When a clean profile is the quickest fix
A fresh profile is appropriate when assignments are duplicated, inexplicable or inherited from older hardware. Create a clean preset and bind only aileron, elevator, rudder and the two throttle axes; add buttons and switches only after those work.
If even a clean preset behaves incorrectly, follow our steps for clearing or rebuilding MSFS controller bindings.
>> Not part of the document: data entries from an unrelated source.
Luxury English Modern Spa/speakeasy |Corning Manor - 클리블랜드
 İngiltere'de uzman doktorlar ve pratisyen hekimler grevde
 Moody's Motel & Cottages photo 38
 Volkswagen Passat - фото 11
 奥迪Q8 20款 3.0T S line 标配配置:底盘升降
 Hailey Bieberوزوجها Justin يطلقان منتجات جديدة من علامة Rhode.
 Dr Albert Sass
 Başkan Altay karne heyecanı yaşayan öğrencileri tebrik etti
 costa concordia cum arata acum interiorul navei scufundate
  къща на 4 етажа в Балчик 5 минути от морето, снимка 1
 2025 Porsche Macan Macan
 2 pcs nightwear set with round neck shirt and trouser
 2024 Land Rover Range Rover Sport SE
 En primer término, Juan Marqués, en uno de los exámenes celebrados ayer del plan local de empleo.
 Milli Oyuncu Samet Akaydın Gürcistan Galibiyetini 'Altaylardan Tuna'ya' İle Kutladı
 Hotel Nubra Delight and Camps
Resetting should come after the Windows test, because it cannot repair a missing USB device.
Why are the Airbus throttle detents or reverse thrust wrong?
Detent and reverse-thrust faults require axis calibration, not another driver installation, provided both levers already move through their full range.
| Symptom | Check |
|---|---|
| Both levers operate engine 1 | Remove the duplicate assignment and bind the right lever to Throttle 2 Axis |
| Idle produces reverse thrust | Check axis polarity and recalibrate the idle and reverse zones |
| Full forward gives only partial thrust | Restore sensitivity and extremity settings, then verify the chosen axis range |
| CL, FLX/MCT or TOGA does not align | Use the aircraft's own throttle-calibration page when it provides one |
| Reverse engages twice or jumps | Choose either axis-based reverse or a separate reverse command, not both |
The MSFS Reverse Axis option changes input polarity; it does not itself enable reverse thrust. Calibrate the basic forward range first, then define Airbus detents through the aircraft's tablet, EFB or cockpit calibration tool if one is supplied.
Console compatibility
Console support depends on the exact TCA model, not merely the Airbus branding. Xbox requires an Xbox-compatible version, while a PC-only or Xbox-labelled controller should not be assumed to work on PlayStation 5. MSFS 2020 has no PlayStation version; MSFS 2024 does, but the connected controller still needs explicit PS5 compatibility.
On Xbox, fully quit Microsoft Flight Simulator rather than resuming a suspended session, connect the supported controller, and then restart the simulator. Console profiles cannot compensate for hardware that was not designed for that platform.